Una traduzione ancor più vicina al testo potrebbe essere forse: 

_Al suo arrivo ad Atene, Epicuro ha tutte le caratteristiche di (=che può avere) un rozzo indisponente agli occhi degli aristocratici (dell'aristicrazia) della città_


----------



## Labulla

Ok j'ai compris maintenant!! Merci à tous


----------



## itka

Non saprei dire se "buzzurro" rende meglio l'idea, tuttavia un "rozzo" non è proprio "un plouc"... Questo qui' non è solamente "rozzo" ma anche si dimostra un po' ridicolo, un po' credulone...


----------



## Necsus

Be', _buzzurro_ ha una curiosa origine (CLIC) ed è contraddistinto forse da un uso geograficamente circoscritto... Non so, bifolco? zotico?


----------



## Corsicum

En reprenant l’étymologie, de part leurs origines, il se pourrait bien que _*buzzurro*_ corresponde assez bien à _*plouc*_ ?:
_*Plouc*_ l’étymologie et l’origine sont bretonnes, il est synonyme de : _*péquenot, bouseux , un paysan*_, l’usage initial est quand même local et du type argot, il n’est pas répertorié dans les dictionnaires. Je ne pense pas qu’il fasse partie du vocabulaire utilisé dans toutes les régions. 
De façon péjorative on peut supposer que _*buzzurro*_ est plus proche de _*plouc*_ que _*rozzo*_ ?
Un _*buzzurro *_serait un_ *rozzo* _comme un_ *plouc* _est un_ *bouseux, un paysan* ?._On retrouve dans les deux la spécificité d’usage géographique.
J’ai lu(je peux transmettre les références), sous toutes réserves ? :
_Les Italiens en général, et les Romains en particulier, ont un mot pour désigner __le Piémontais; ils l'appellent le *buzzurro*_
_It. *buzzurro* m. 'persona rozza, ignorante' (dal 1887, Petr; DO 1990; PF; Zing _
_1998), *...* __'persona rozza, ignorante' (1950, Sinisgalli, B). __It. *buzzurro* agg_
http://www.etimo.it/?term=buzzurro&find=Cerca
http://www.etimo.it/?term=rozzo&find=Cerca

Un avis personnel : Dans la conversation courante utiliser le terme *plouc *fait vraiment très très.... *plouc !*


----------



## KaRiNe_Fr

Salut,



Corsicum said:


> [...]
> _*Plouc*_ [...] l’usage initial est quand même local et du type argot, il n’est pas répertorié dans les dictionnaires. Je ne pense pas qu’il fasse partie du vocabulaire utilisé dans toutes les régions. [...]

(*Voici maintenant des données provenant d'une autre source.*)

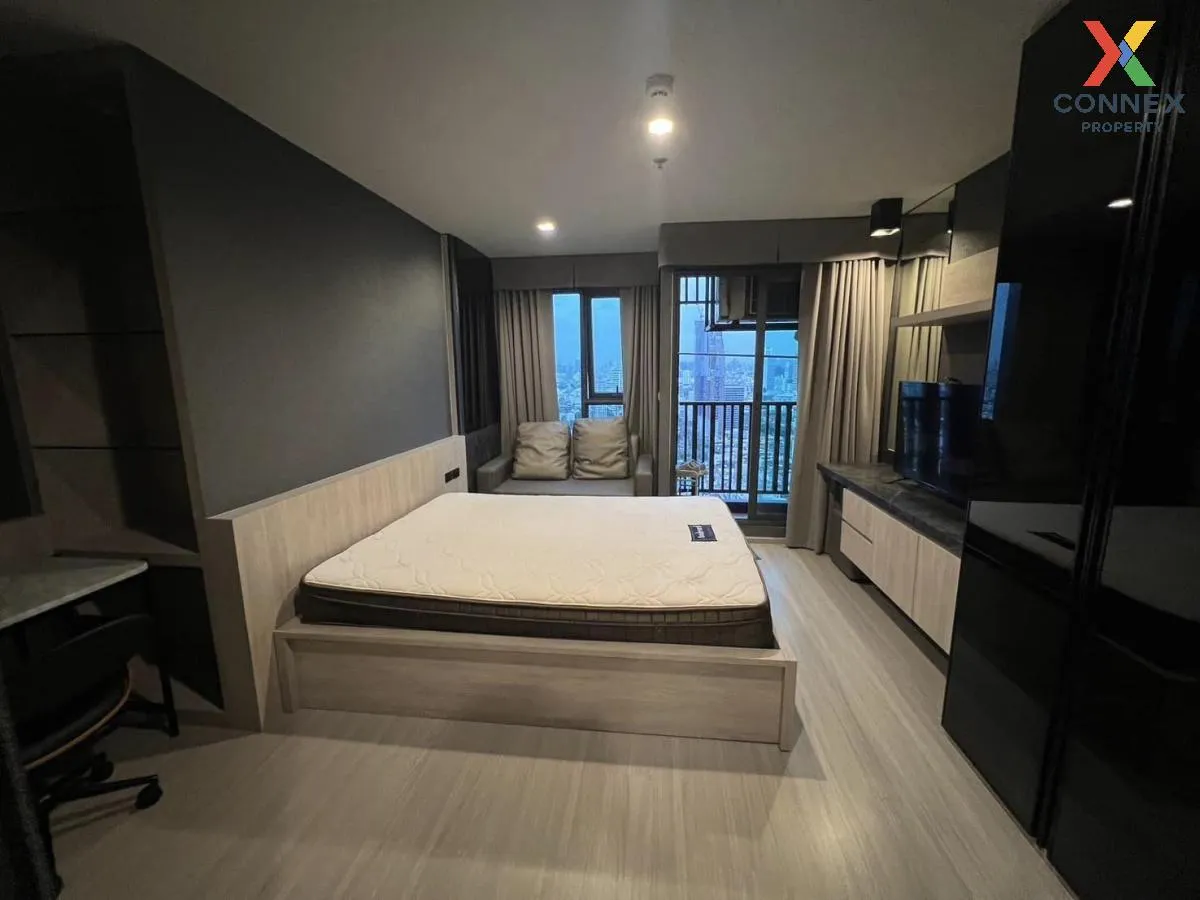 For Rent Condo , Life Ladprao , BTS-Ha Yaek Lat Phrao , Chomphon , Chatuchak , Bangkok , CX-105521 1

Je pense, au contraire, que plouc est connu maintenant dans toutes les régions de France (ailleurs, je ne sais). Et il est bien entendu répertorié dans les dictionnaires. Cf. le TLFi par exemple.


----------



## Corsicum

KaRiNe_Fr said:


> Salut,
> , Je pense, au contraire, que plouc est connu maintenant dans toutes les régions de France (ailleurs, je ne sais). Et il est bien entendu répertorié dans les dictionnaires. Cf. le TLFi par exemple.


 
Salut, je n’arrête pas de me tromper en ce moment, je passe mon temps à faire des mea culpa, l’age sans doute, un vrai plouc !
_*...un vero*_ *buzzurro, un vero rozzo !*


----------